====== Raw data ======

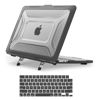 Picture of MOSISO Compatible with MacBook Air 13 inch Case 2025 2024 2023 2022 M3 A3113 M2 A2681, Honeycomb Heavy Duty TPU Bumper Plastic Hard Case with Kickstand&Keyboard Skin for MacBook Air 13.6, Black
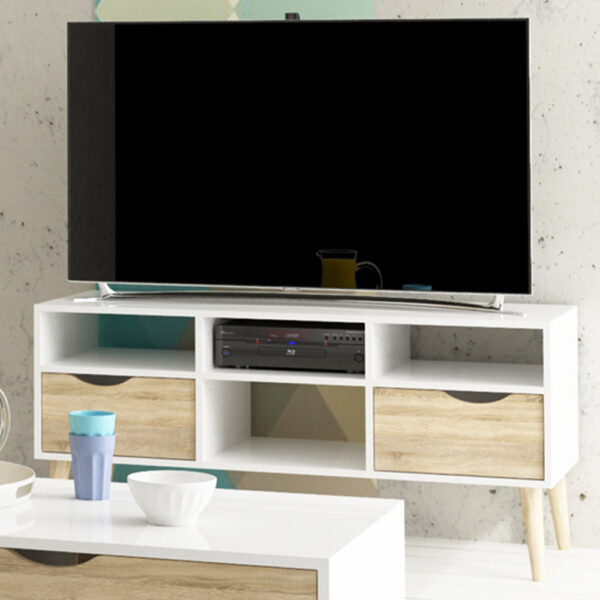 Oslo Wide TV Unit with 2 Drawers 4 Shelves | White and Oak | Self Assembly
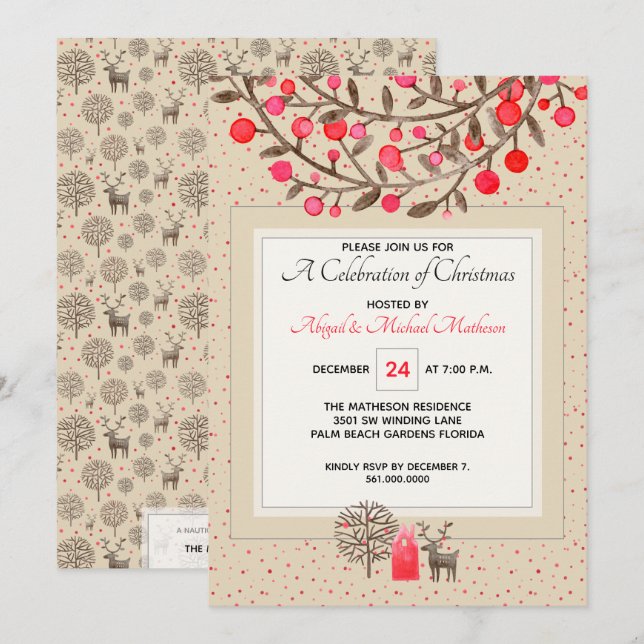 Cute #Reindeer & Berries Earth Tone / Custom Color Invitation (Front/Back)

======

__Task brief__:
Write out exactly and only the lines that run from the start of the data above through the line containing "Oslo Wide TV", leaving the pictures out.

__Your solution__:
 Picture of MOSISO Compatible with MacBook Air 13 inch Case 2025 2024 2023 2022 M3 A3113 M2 A2681, Honeycomb Heavy Duty TPU Bumper Plastic Hard Case with Kickstand&Keyboard Skin for MacBook Air 13.6, Black
 Oslo Wide TV Unit with 2 Drawers 4 Shelves | White and Oak | Self Assembly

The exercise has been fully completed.